Senators move to establish stronger federal oversight of energy markets

A group of US senators yesterday introduced legislation, called the Energy Market Oversight Act, that seeks to restore the Commodity Futures Trading Commission’s (CFTC) authority over online and bilateral energy trades and give the Federal Energy Regulatory Commission (Ferc) powers to investigate and punish possible instances of fraud and manipulation in the over-the-counter energy markets.

The senators pushing for the legislation are: Dianne Feinstein (Democrat, California), Peter Fitzgerald (Republican, Illionois), Tom Harkin (Democrat, Iowa), Richard Lugar (Republican, Indiana), Maria Cantwell (Democrat, Washington), Ron Wyden (Democrat, Oregon) and Patrick Leahy (Democrat, Vermont).

The act is, in effect, a resurrection of last year’s Feinstein-led proposals to impose tighter control of the OTC markets in the wake of Enron’s collpase and the California power crisis. Her proposals were defeated in a routine procedural vote in April 2002 that required 60 affirmative senate votes for her legislation to advance.

“The legislation would close a loophole that allows energy trades to take place online with no transparency, no record keeping and no audit trail – with no federal oversight to guard against fraud and manipulation,” Feinstein said.

In 2000, Congress passed the Commodity Futures Modernization Act, which essentially exempted online and bilateral energy and metals trading from regulatory oversight. This loophole, the senators argue, allowed energy companies – such as EnronOnline – to trade billions of dollars worth of energy derivatives with no regulatory oversight. Their proposed legislation would increase notice, reporting, bookkeeping and other transparency requirements, and require energy companies to maintain sufficient capital to cover trades commensurate with risks.

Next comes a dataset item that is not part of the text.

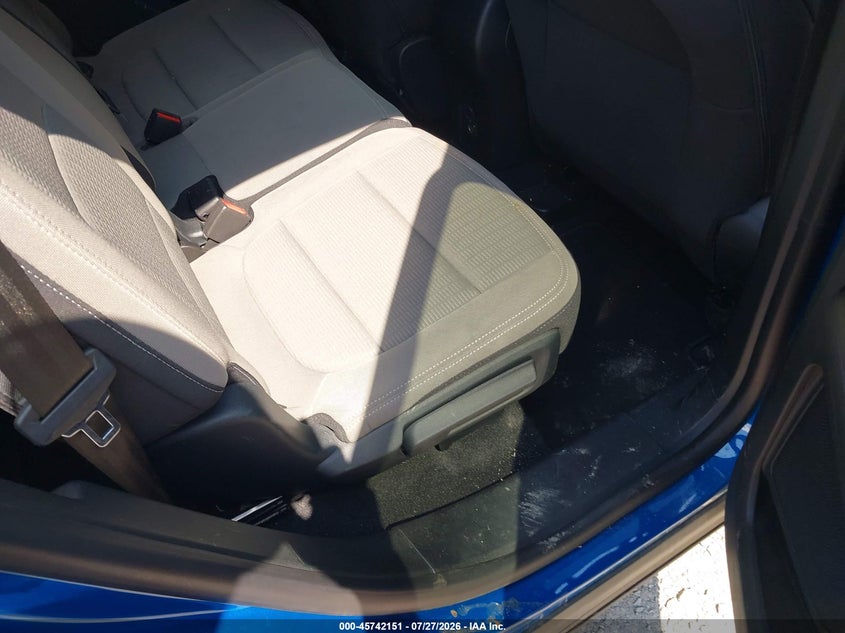 2021 Ford Escape VIN 1FMCU9F69MUA73878 IAAI salvage auction — NORMAL WEAR, Sf97 (New York), sold $8,400 on 2026-08-20 (photo 8)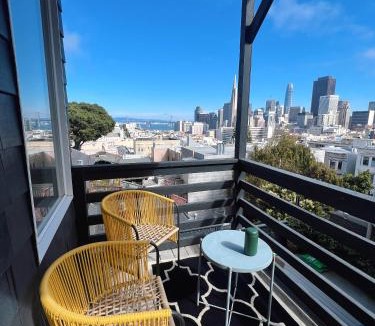 Russian Hill House | Charming 2BR Cottage with Bay and City Views-Gated Luxury Private Place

The bill also seeks to prohibit 'wash trades', a practice that gained notoriety last year as a number of firms were found to be trading the same asset at the same price to boost trading volume figures. If the legislation passes, wash trades would be subject to civil penalties for each violation, and those found guilty could be imprisoned for up to 10 years. In December 2002, a former El Paso natural gas trader was indicted for reporting fictitious natural gas transactions to an industry publication, and Dynegy, Duke, El Paso, Reliant, CMS, and Williams have all admitted to engaging in wash trades.

The legislation also seeks to authorise Ferc to fine companies that do not comply with requests for information. This is the same authority that the Securities Exchange Commission has over financial institutions.